Tuesday 22 July 2008

Scottish & Southern gets nod for wind farm

From The Times
July 22, 2008
Robin Pagnamenta, Energy and Environment Editor

Scottish ministers approved plans for Europe's largest onshore windfarm yesterday, giving a significant boost to government proposals to increase the amount of wind-generated electricity.
The planning decision will allow Scottish & Southern Energy to erect 152 125-metre turbines in south Lanarkshire. The £600 million Clyde windfarm, between Biggar and Moffatt by the M74, will be able to generate 456 megawatts of electricity, enough to power 320,000 homes. Construction is expected to start this year, with the first turbines operational by 2011.
The approval was welcomed by Britain's wind energy industry, coming only three months after Scottish ministers had rejected plans for another giant wind farm on the Isle of Lewis amid concerns about wildlife.

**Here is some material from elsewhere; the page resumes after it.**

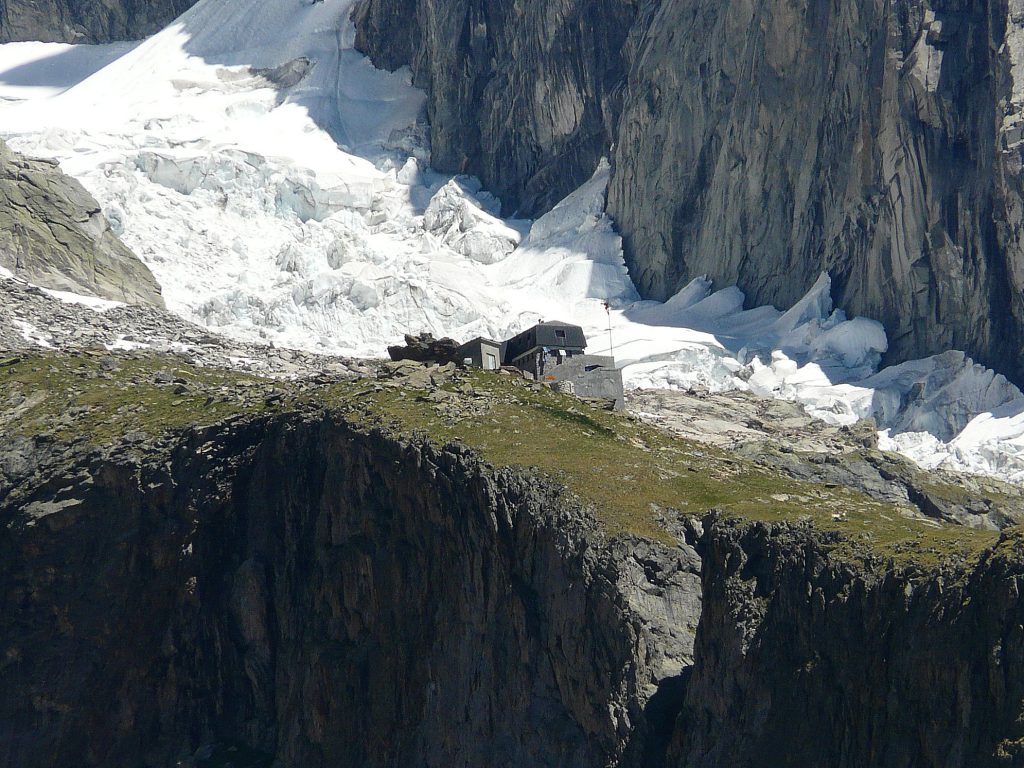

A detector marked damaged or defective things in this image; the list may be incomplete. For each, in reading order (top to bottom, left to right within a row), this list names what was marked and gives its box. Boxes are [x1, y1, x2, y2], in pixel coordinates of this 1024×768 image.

broken serac [392, 322, 624, 412]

Alex Salmond, Scotland's First Minister, made yesterday's announcement at the World Renewable Energy Congress in Glasgow. “The Scottish Government has an ambitious target to generate 31 per cent of Scotland's electricity demand from renewable sources by 2011 and 50 per cent by 2020,” he said.

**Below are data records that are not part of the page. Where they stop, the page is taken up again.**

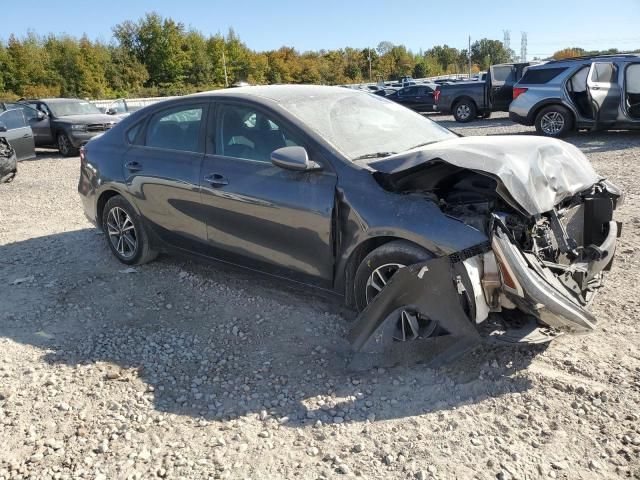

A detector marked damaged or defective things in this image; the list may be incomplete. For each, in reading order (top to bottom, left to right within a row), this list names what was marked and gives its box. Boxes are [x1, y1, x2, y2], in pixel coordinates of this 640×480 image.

damaged gray sedan [77, 86, 624, 364]
shattered plastic debris [350, 256, 480, 370]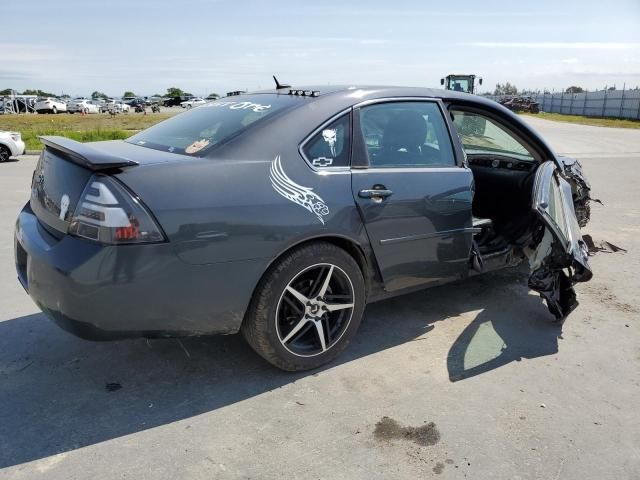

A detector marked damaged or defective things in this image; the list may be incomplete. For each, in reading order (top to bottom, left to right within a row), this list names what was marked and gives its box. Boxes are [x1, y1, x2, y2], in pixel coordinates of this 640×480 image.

detached bumper [14, 204, 268, 340]
wrecked vehicle [15, 86, 592, 372]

Under European Union targets adopted this year, the UK as a whole is committed to generating about 40 per cent of electricity from renewable sources by 2020, up from 4 per cent. The bulk of this is expected to come from the expansion of wind-generated electricity.
It also emerged yesterday that the world's largest offshore windfarm in the Thames Estuary will go ahead after a decision by E.ON, the German utility, and Dong Energy, of Denmark, to buy out Royal Dutch Shell, their partner, for an undisclosed sum.

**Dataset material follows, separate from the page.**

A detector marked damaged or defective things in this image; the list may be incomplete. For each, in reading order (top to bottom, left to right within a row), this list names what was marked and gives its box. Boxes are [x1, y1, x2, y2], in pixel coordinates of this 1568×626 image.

— Government plans to cut Britain's carbon emissions will fail unless a deadline is set to abolish the use of conventional coal-fired power stations, MPs have said in a report by the Commons' Environmental Audit Committee. It also leaves the Government increasingly isolated in its support for E.ON to build a £1 billion coal-fired power plant in Kent, the UK's first in more than 20 years.